# Rhubarb wine recipe



## Frjen (Apr 1, 2013)

Hello

Can anyone provide me with a great rhubarb wine recipe ?
I have some rhubarb wine fermenting right now but it's a bit sour, any ideas ?


----------



## GreginND (Apr 1, 2013)

I make rhubarb wine almost every year and have made it a number of different ways. I now have developed my preferred method which I'll describe below.

To let you know I do like a drier style rhubarb wine with lots of rhubarb body and flavor.

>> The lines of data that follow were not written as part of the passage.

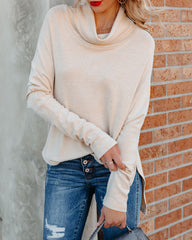 Westward Cowl Neck Knit Sweater - Taupe Ins Street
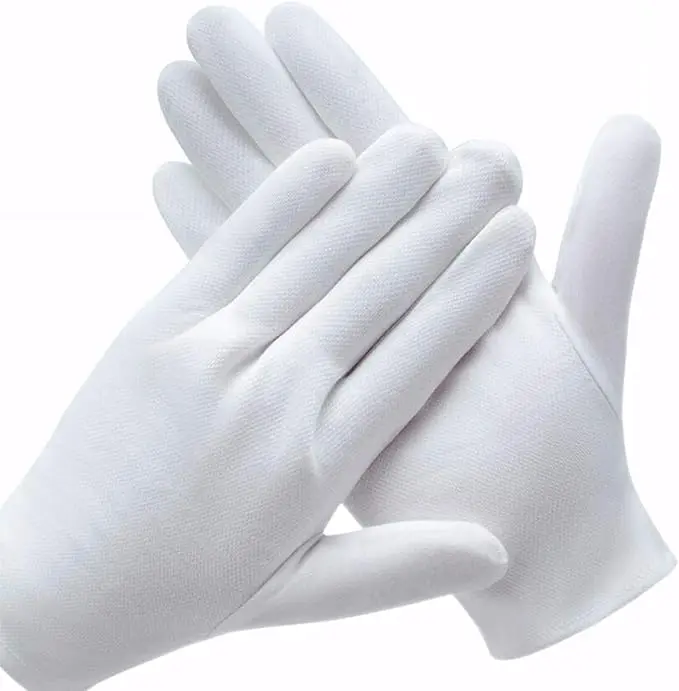 12 Pairs White Cotton Gloves for Serving Inspection Costume — product photo
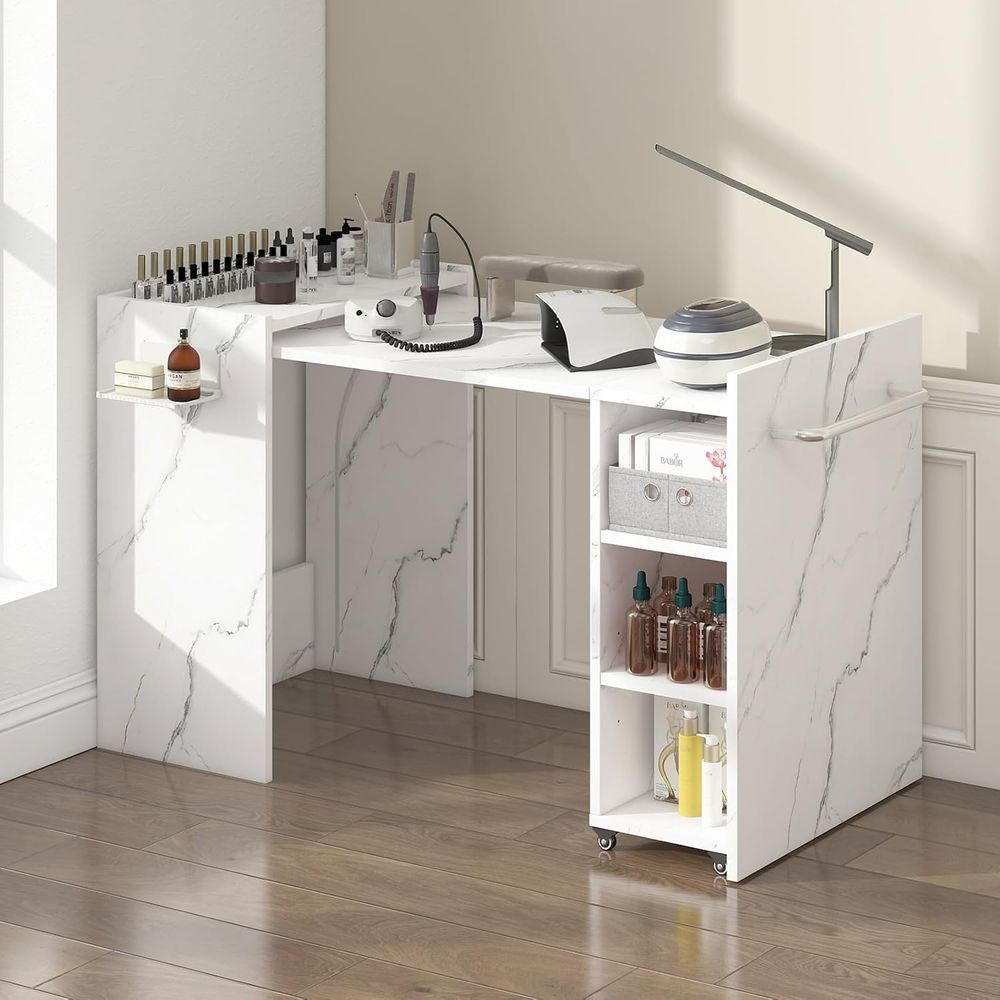 Office Technician - Expandable Nail Technician Table with Adjustable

I harvest my rhubarb throughout spring and early summer. As I harvest it I slice it in my food processor and freeze them in 1 gallon ziploc bags. When I get ready to make the wine I will take all the rhubarb out of the freezer and add it to my primary container to thaw. I will add some bisulfite to the rhubarb at this point. Once thawed (2-3 days depending on how much) I will strain off the juice and squeeze the rhubarb as much as possible. I will then add the same volume of water to the pulp, mix it up well and press it out once more. For example, if I get 2 gallons of free juice after thawing I'll add 2 gallons of water to the rhubarb pulp. Mash it up and press then press it out.

I do not like to ferment with the pulp as I think it gives it too much vegetative flavors.

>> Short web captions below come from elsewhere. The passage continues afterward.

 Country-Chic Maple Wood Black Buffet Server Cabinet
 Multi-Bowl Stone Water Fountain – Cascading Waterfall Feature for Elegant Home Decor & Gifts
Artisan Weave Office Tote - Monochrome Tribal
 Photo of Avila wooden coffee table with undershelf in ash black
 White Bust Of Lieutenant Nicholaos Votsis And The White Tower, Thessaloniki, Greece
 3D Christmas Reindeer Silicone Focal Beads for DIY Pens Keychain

To the juice I will add enough sugar to bring the SG up to about 1.090. I will adjust the acid if it is too low. I like a TA around 6-7 g/L tartaric. Add nutrients and yeast and ferment away.

Once it is well cleared and aged I'll do some taste tests with various sugar levels. Some I have left dry, others I've made anywhere from 1% sugar to 4% sugar. It all depends on the balance that year.


----------



## Frjen (Apr 1, 2013)

Hi

Can youexplain the acid part for me ? 
What is TA ?
Can I use citrus for acid ?
7 grams pr.liter ?

How long do you let it ferment ?
Can I stop fermentation with refridgeration ?
When you leave some dry, is that without adding sugar after fermentation ?
How do you calculate 1% to 4% sugar ?

My wine is quite sour, should I just add sugar ?

Sorry about all the questions, I,m a newbie.


----------



## GreginND (Apr 1, 2013)

Frjen said:


> Hi
> 
> Can youexplain the acid part for me ?
> What is TA ?
> ...



TA stands for "Titratable Acid" or "Total Acid". It is a measure of the total free and bound acids (protons) in the wine. It can be measured using a chemical titration and any home brewing shop will have a TA kit. But it isn't absolutely necessary for you to measure it.

I use tartaric acid. You can use citric with a rhubarb wine but citric acid is less stable to microbes and yeast. If the juice tastes tart enough you may not need to add any.




Frjen said:


> How long do you let it ferment ?



Until it's done! I ferment in my primary until the SG is down to about 1.000 then rack it into a carboy with an airlock. It will finish up there. My last batch was about two weeks in the primary and another two weeks or so to get completely dry in the carboy. Every one is different so you should just monitor it with your hydrometer.



Frjen said:


> Can I stop fermentation with refridgeration ?
> When you leave some dry, is that without adding sugar after fermentation ?
> How do you calculate 1% to 4% sugar ?



It is very difficult to stop an active fermentation. The best way to do this is to ferment your wine dry, let it bulk age and clear until it's ready for bottling. Then add some sugar and stabilizer (potassium sorbate and potassium metabisulfite) to prevent fermentation from starting again. That way you can control the entire process.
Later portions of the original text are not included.